Riskguard Insurance Solutions

Surety Bonds

A surety bond is a contract among three parties. The first party, called the surety, agrees to pay a stated sum on behalf of another party (the principal) to a third party called the obligee if the principal should fail to meet the terms of an agreement or contract between the principal and the obligee. Usually, the surety is a division or subsidiary of an insurance company. In the event the surety must forfeit the bond, it may take legal action to recover the funds from the principal.

What Are the 4 Types of Surety Bonds?

There are dozens of different types of surety bonds. And since many have different requirements in each state, there are actually hundreds or thousands of different types of bonds. Keeping track of all the details can seem daunting. Fortunately, almost every type of surety bond falls into one of four different categories.

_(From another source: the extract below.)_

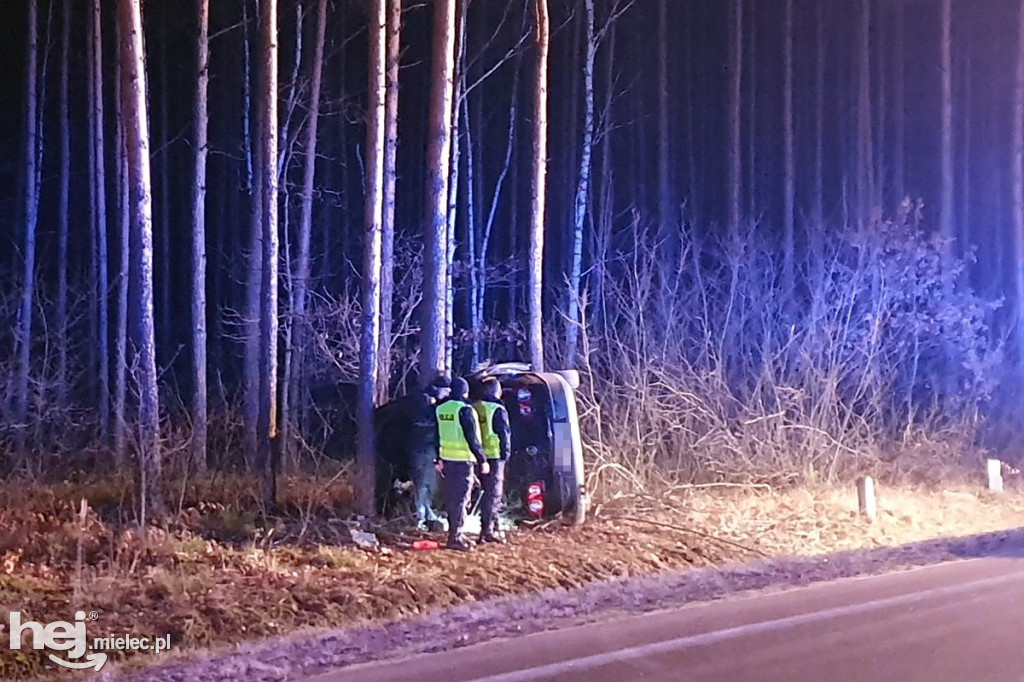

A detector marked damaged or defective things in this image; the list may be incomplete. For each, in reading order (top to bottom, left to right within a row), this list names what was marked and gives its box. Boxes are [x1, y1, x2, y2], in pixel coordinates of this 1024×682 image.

overturned vehicle [376, 364, 588, 524]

  • Contract Bonds – Contact bonds hold one party in a contractual agreement responsible if they don’t meet terms established by another party. This type of surety bond is often required for construction projects, but they can factor into other contractual arrangements. Since contract bonds facilitate the smooth execution of a contract – and hold the wrongful party accountable when things don’t go smoothly – they’re one of the most common types of surety bonds.
  • Commercial Bonds –Different types of businesses and professionals need a commercial bond before the state recognizes them as a legal business entity. Typically, someone needs to obtain a commercial bond before the state will grant them a license. States use commercial bond requirements to ensure that professionals abide by legal and ethical behavior, and face accountability when they don’t.
  • Court Bonds – A judge may require someone to obtain a court bond before allowing legal proceedings to move forward. The court bond holds the bonded party financially liable if they fail to act in a manner required by the court. Court bonds are most common in civil cases.

Fidelity Bonds – Fidelity bonds protect a business and its clients if an employee of that business acts unlawfully. Unlike commercial and court bonds, businesses aren’t required to get fidelity bonds, but many consider it a prudent way to manage risk. Fidelity bonds also operate like an insurance policy, meaning they pay the bonded party, which differs from other types of surety bonds that hold the bonded party financially liable.